Un haut-parleur fait entendre la voix d’autres chercheurs. Ils travaillent dans une copie exacte du laboratoire de Livingston, mais installée à l’autre bout du pays, dans un désert de l’État de Washington.

Janeen Romie dirige la téléconférence. Soudain, son visage se referme. Invoquant les problèmes qui s’accumulent, quelqu’un, au bout du fil, vient d’évoquer l’idée de retarder une expérience prévue pour le lundi suivant. Une ronde de mesures que les scientifiques attendent depuis plus d’une décennie.

Mme Romie met fin à l’appel, puis donne libre cours à sa frustration.

« Reporter l’expérience ne nous fera rien gagner, lance-t-elle d’un ton sec. Pour lancer la ronde, il y a des conditions à remplir. Est-ce qu’on les remplit aujourd’hui ? Non. Mais on va réévaluer jeudi et décider vendredi. Pour l’instant, il n’y a rien à discuter. »

Chandail à capuchon ouvert sur un t-shirt de l’Université Caltech, jeans, espadrilles roses : Janeen Romie dirige le groupe d’ingénierie du détecteur de LIGO, acronyme anglais de Laser Interferometer Gravitational-Wave Observatory. Les chercheurs de ce projet sont engagés dans un pari qui a déjà coûté 1 milliard de dollars US, la somme la plus importante jamais débloquée par la National Science Foundation américaine. L’objectif : détecter des ondes gravitationnelles, un phénomène prédit il y a un siècle par Albert Einstein, mais qui, contrairement aux autres prédictions de la relativité générale, n’a encore jamais été confirmée directement.

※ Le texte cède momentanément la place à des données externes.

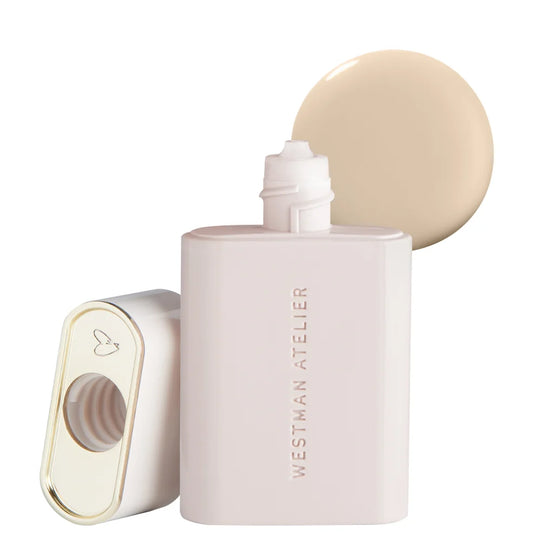Westman Atelier Vital Skincare Complexion Drops 30ml (Various Shades)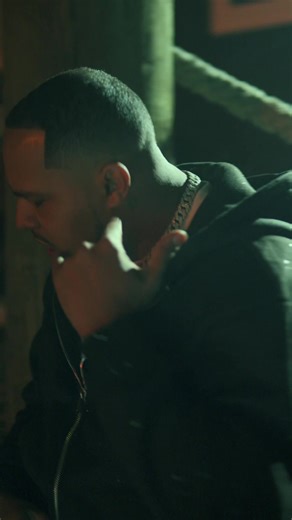 Overcoming Scars: A Journey Through Emotion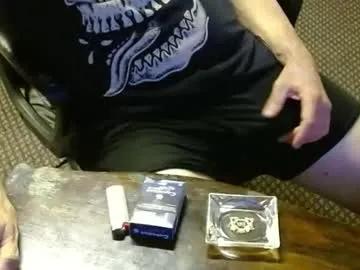 Chaturbate punkypapi is Freechat punkypapi — ~Cum hang with me... let's have some fun XxX #tall #blonde #blueeyes #smoke #goth #tease #flirt #kiss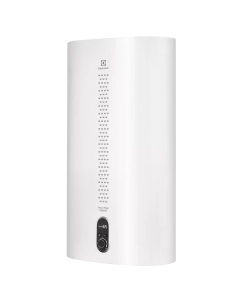 Купить Водонагреватель Electrolux EWH 50 Royal Flash Inverter в E-mobi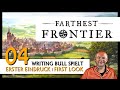 FARTHEST FRONTIER | First Look (04) [Deutsch]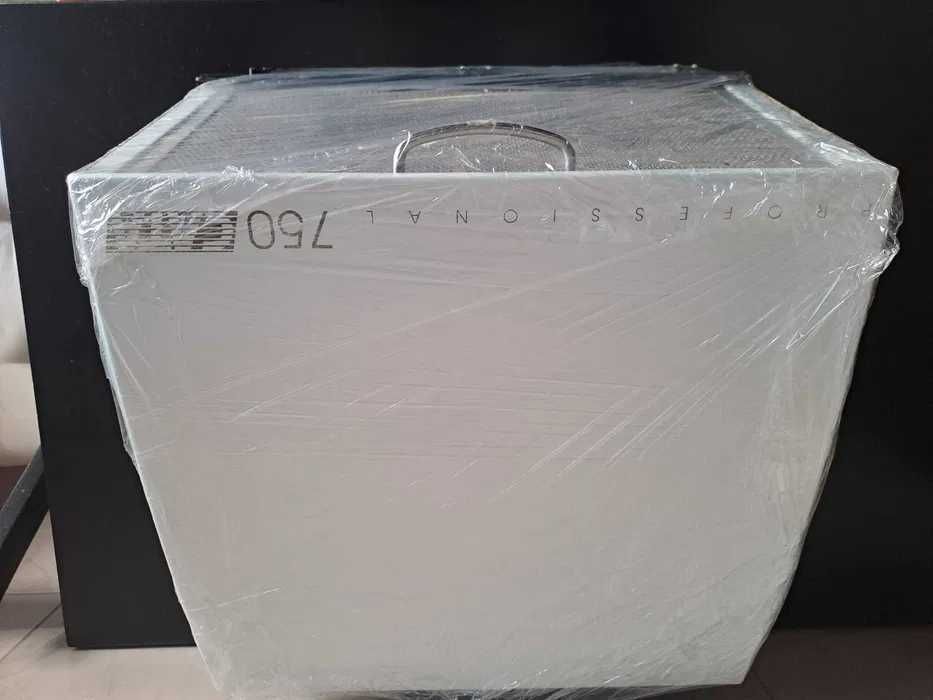 Exaustor CATA Profissional 750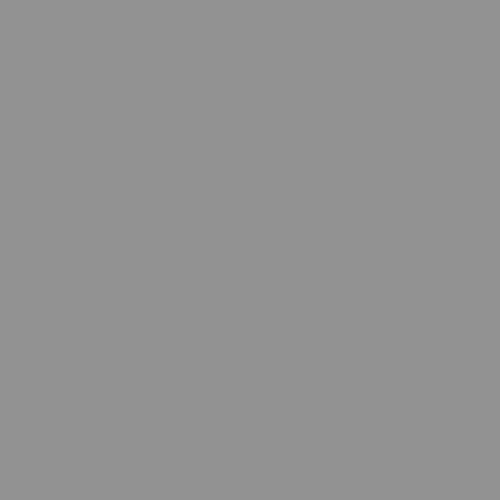 Lava Grey - U3057 VL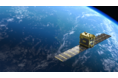 小型SAR衛星2号機「StriX-β」Rocket Lab (ロケットラボ)社と打ち上げの契約を締結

QUAND L’ESPACE-TEMPS FAIT DES VAGUES

La relativité générale stipule que l’espace-temps forme la matrice de l’Univers. Les objets, à cause de leur masse, déforment l’espace-temps. Or, s’ils entrent en collision ou accélèrent, des objets très massifs peuvent provoquer des vagues dans l’espace-temps, un peu comme une pierre lancée dans un étang forme des ondes. Ces vagues se propagent dans le cosmos à la vitesse de la lumière. On les surnomme les « messagères d’Einstein ».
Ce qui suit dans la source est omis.